🤖 AI Summary
This work proposes LLMize, a framework for complex numerical optimization problems where formalizing constraints and heuristics is challenging. By treating the optimization process as a black box, LLMize leverages large language models (LLMs) to generate candidate solutions in natural language, iteratively refining them through evaluations from an external objective function and feedback. Notably, it enables direct injection of constraints and domain knowledge via natural language—bypassing the need for mathematical programming or metaheuristic design—and thereby substantially lowers the barrier to tackling intricate optimization tasks. The framework integrates iterative prompting, in-context learning, OPRO, and a hybrid strategy inspired by evolutionary algorithms and simulated annealing. Empirical validation across diverse tasks—including convex optimization, linear programming, TSP, hyperparameter tuning, and nuclear fuel assembly layout—demonstrates its efficacy: while underperforming classical solvers on simple problems, it exhibits unique practical value in complex domains.
📝 Abstract
Large language models (LLMs) have recently shown strong reasoning capabilities beyond traditional language tasks, motivating their use for numerical optimization. This paper presents LLMize, an open-source Python framework that enables LLM-driven optimization through iterative prompting and in-context learning. LLMize formulates optimization as a black-box process in which candidate solutions are generated in natural language, evaluated by an external objective function, and refined over successive iterations using solution-score feedback. The framework supports multiple optimization strategies, including Optimization by Prompting (OPRO) and hybrid LLM-based methods inspired by evolutionary algorithms and simulated annealing.
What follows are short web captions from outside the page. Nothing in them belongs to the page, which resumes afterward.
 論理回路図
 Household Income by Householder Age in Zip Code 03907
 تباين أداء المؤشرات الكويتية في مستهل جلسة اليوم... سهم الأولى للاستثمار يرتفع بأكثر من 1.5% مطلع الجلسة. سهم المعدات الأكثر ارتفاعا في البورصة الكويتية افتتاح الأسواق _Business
A key advantage of LLMize is the ability to inject constraints, rules, and domain knowledge directly through natural language descriptions, allowing practitioners to define complex optimization problems without requiring expertise in mathematical programming or metaheuristic design. LLMize is evaluated on convex optimization, linear programming, the Traveling Salesman Problem, neural network hyperparameter tuning, and nuclear fuel lattice optimization. Results show that while LLM-based optimization is not competitive with classical solvers for simple problems, it provides a practical and accessible approach for complex, domain-specific tasks where constraints and heuristics are difficult to formalize.